I attempted to bribed them with a game of "Whoever can stay quietest for the longest gets $10 bucks". That kinda backfired and I somehow ended up $30 bucks lighter and in debt for a couple of packets of Ninjagos.
FINALLY we reached our destination.
5 Weary travellers checked in to our hotel and 2 headed straight for the mini bar. (That would be us adults in case you were looking for DOCs number).
When I rang my parents that night to tell them we had arrived safely, I vaguely remember throwing a couple of "Sorrys" into the conversation. From their end there was probably a lot of confusion over my left field apologies, from my point it was all about guilt and remorse and a desperate bargaining plea to the universe to remove the karmic punishment that was being inflicted upon me by my kids on this road trip. Punishment which I presume was the course of justice in play for all the misery my brother and I had inflicted upon my own parents, shattering their visions of wonderful family road trips.

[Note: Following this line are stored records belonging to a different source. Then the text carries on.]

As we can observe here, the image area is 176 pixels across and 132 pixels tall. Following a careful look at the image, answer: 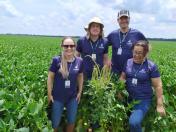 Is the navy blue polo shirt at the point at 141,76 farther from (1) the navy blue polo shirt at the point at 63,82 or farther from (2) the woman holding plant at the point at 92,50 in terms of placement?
(1) the navy blue polo shirt at the point at 63,82

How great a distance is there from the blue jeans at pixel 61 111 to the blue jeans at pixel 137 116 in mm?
949

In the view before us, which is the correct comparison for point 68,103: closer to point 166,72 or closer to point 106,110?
point 106,110

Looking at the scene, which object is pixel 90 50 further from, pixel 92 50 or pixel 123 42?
pixel 123 42

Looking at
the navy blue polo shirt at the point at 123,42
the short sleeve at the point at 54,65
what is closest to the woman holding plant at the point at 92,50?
the navy blue polo shirt at the point at 123,42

It's a legacy I tell ya - passed from one generation to the next.
When it came time to begin our journey home, we made a quick pit stop to visit Terry White. After explaining to the nice pharmacist that my children suffered from chronic car sickness (I may have over exaggerated a little) I gratefully accepted a little packet of silence in a pill - Travel calm.
In my defense the kids didn't get sick the whole way and my husband and I arrived home with our nervous system undamaged and our sanity reasonably in tact.
Whoever wrote the quote "Its not about the destination, it's all about the journey", clearly has never been road tripping with little kids before.
Either that or they own a Ford Territory with a built in DVD player and Entertainment system and a Bulk packet of Travel Calm.
Have you checked out last weeks awesome entries from the Top 5? The post challenge was "A Day in My Life". If you missed out, you can check them out here.
And me, Life Love and Hiccups
So tell me - Do you have fond or feral memories of road tripping as a kid?
Any hints to keep kids entertained on long drives?
Have you ever tried Maccas hash browns dipped in chocolate thick shakes or am I the last to know about this delicacy?